(Instructions for the task): Could you write out, exactly and with no pictures, every line from the one containing "Textured Crop with Choppy Fringe" through the last line of the entries?

(Provided records):

=== Section Start ===

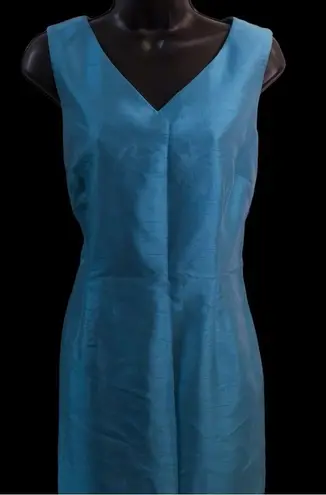 Danny & Nicole Vintage NY Blue Sleeveless V Neck Mini Dress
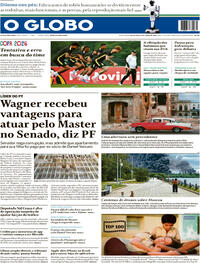 Capa Jornal O Globo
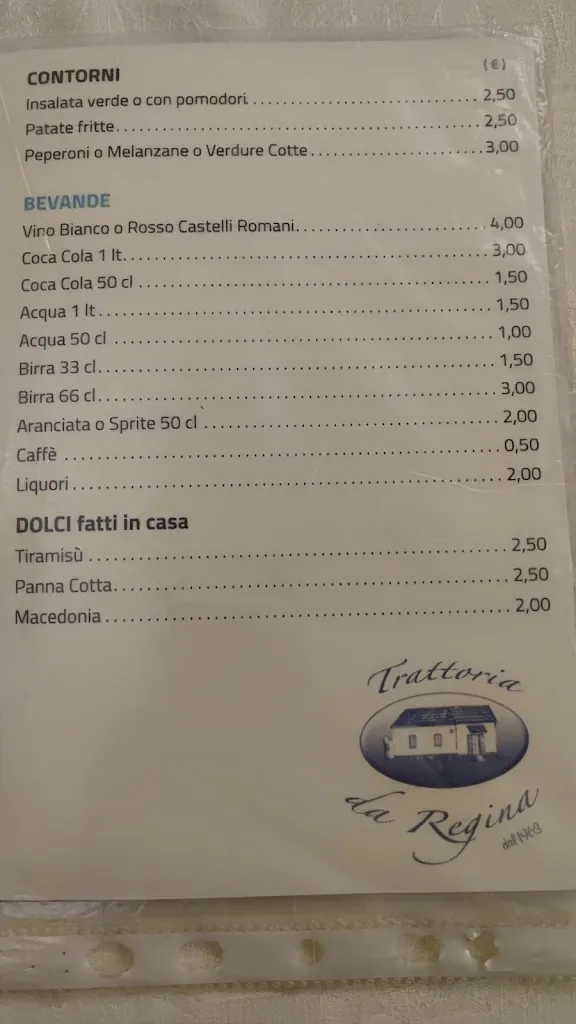 Menu_Trattoria Da Regina_Bracciano_image_2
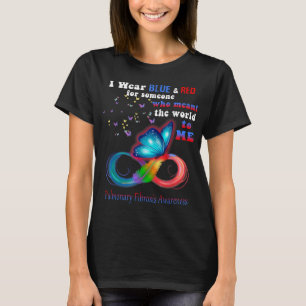 T-shirt Je porte une sensibilisation à la fibrose pulmonai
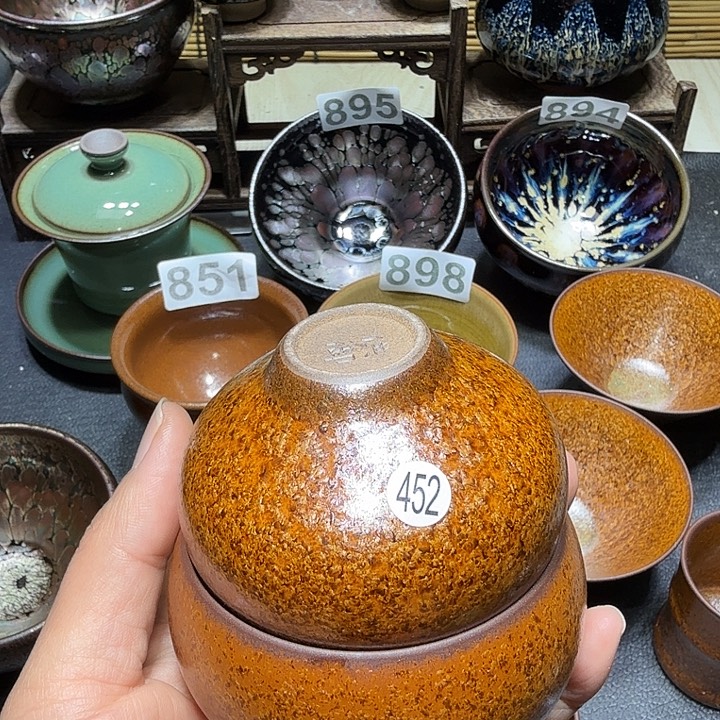 和***和茶盏建盏盏建主人杯452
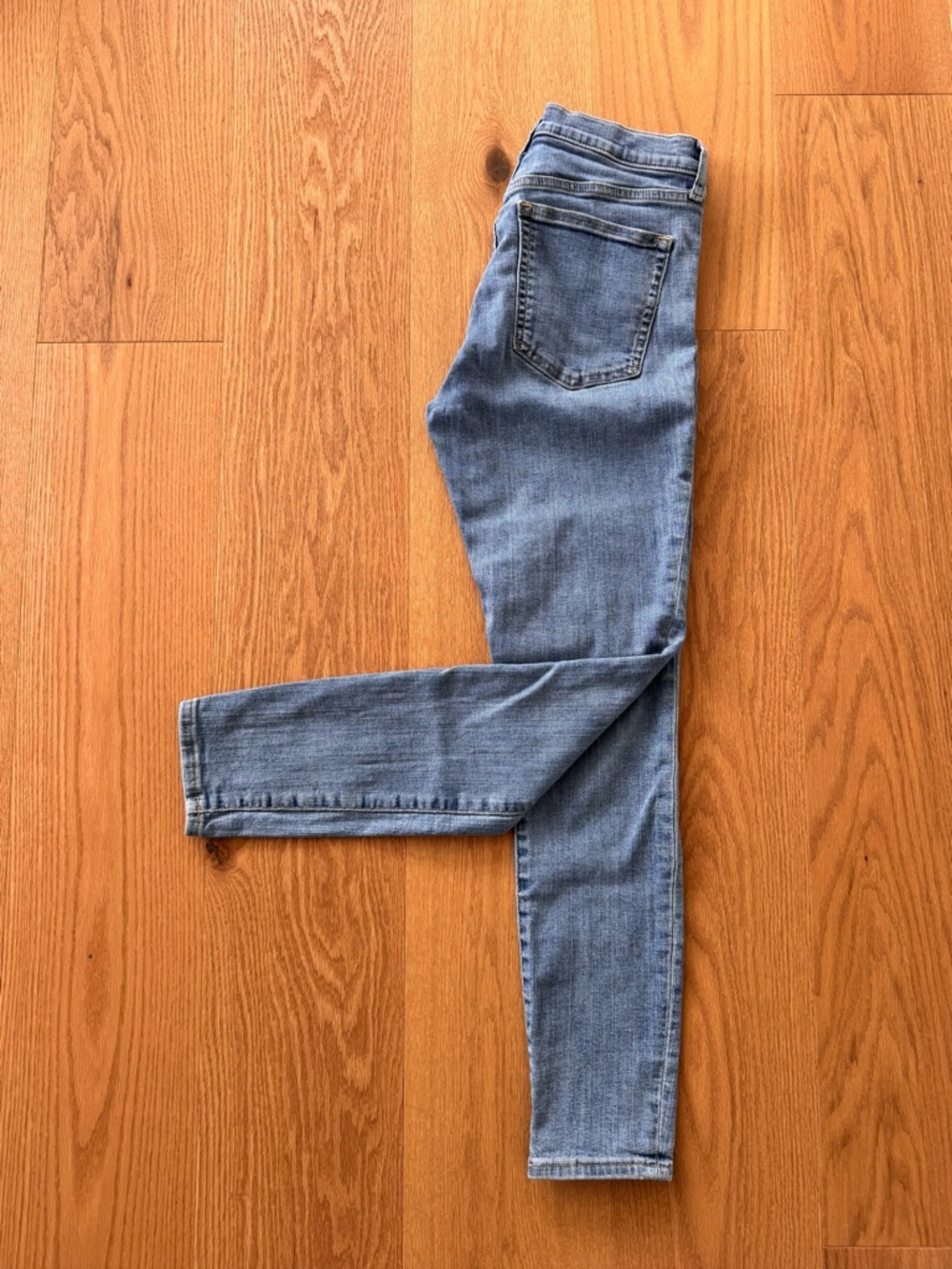 GAP True Skinny High Rise Jeans Classic Blue Stretch Denim Size 4 / 27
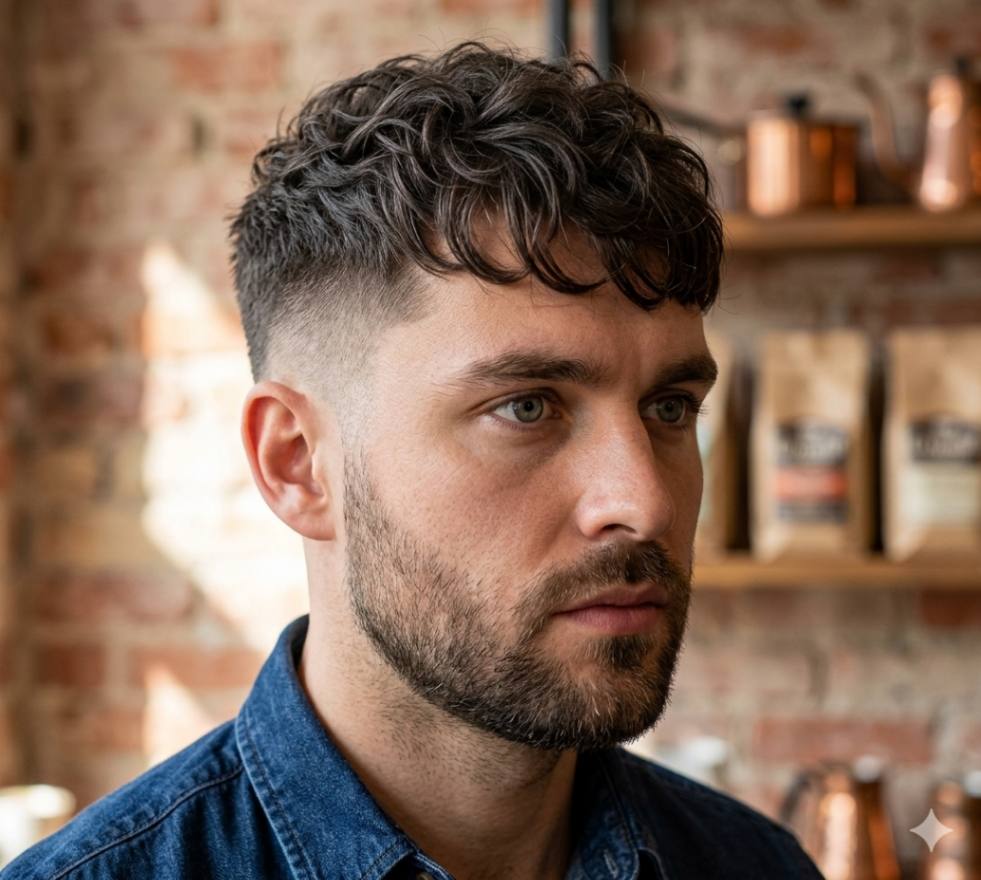 Textured Crop with Choppy Fringe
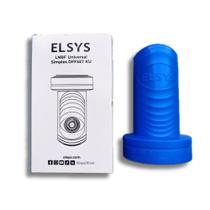 Lnbf Simples Monoponto Offset Banda Ku Full Hd Elsys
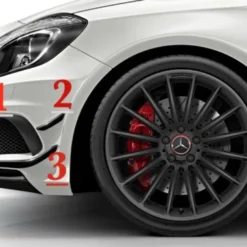 Mercedes A-klass W176 AMG Splitters Aero kit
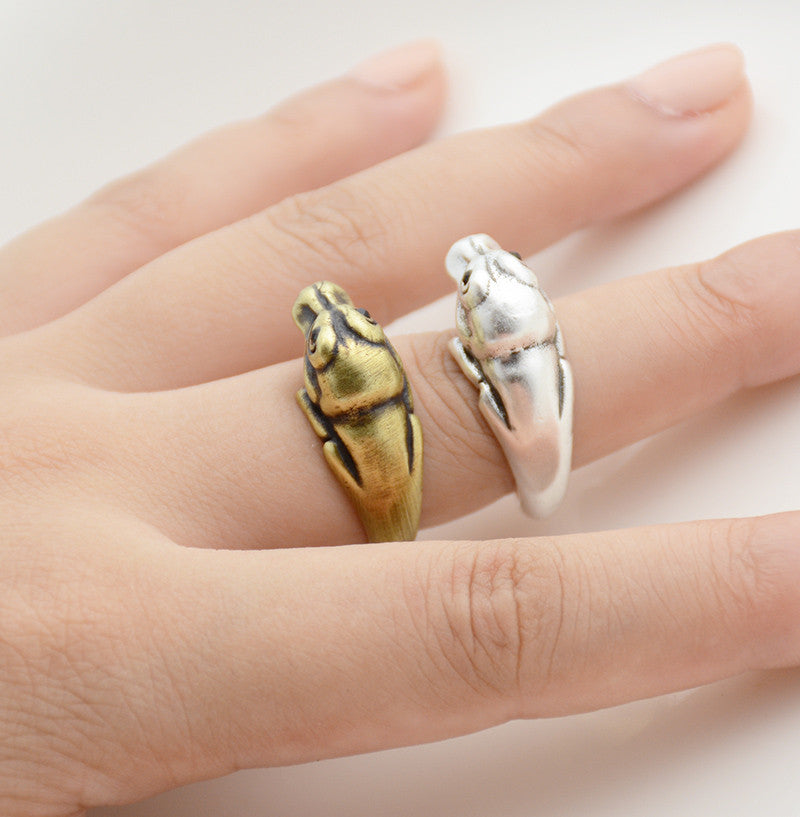 Dinosaur Wrap Ring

=== Section End ===

(Exercise solution):
 Textured Crop with Choppy Fringe
 Lnbf Simples Monoponto Offset Banda Ku Full Hd Elsys
 Mercedes A-klass W176 AMG Splitters Aero kit
 Dinosaur Wrap Ring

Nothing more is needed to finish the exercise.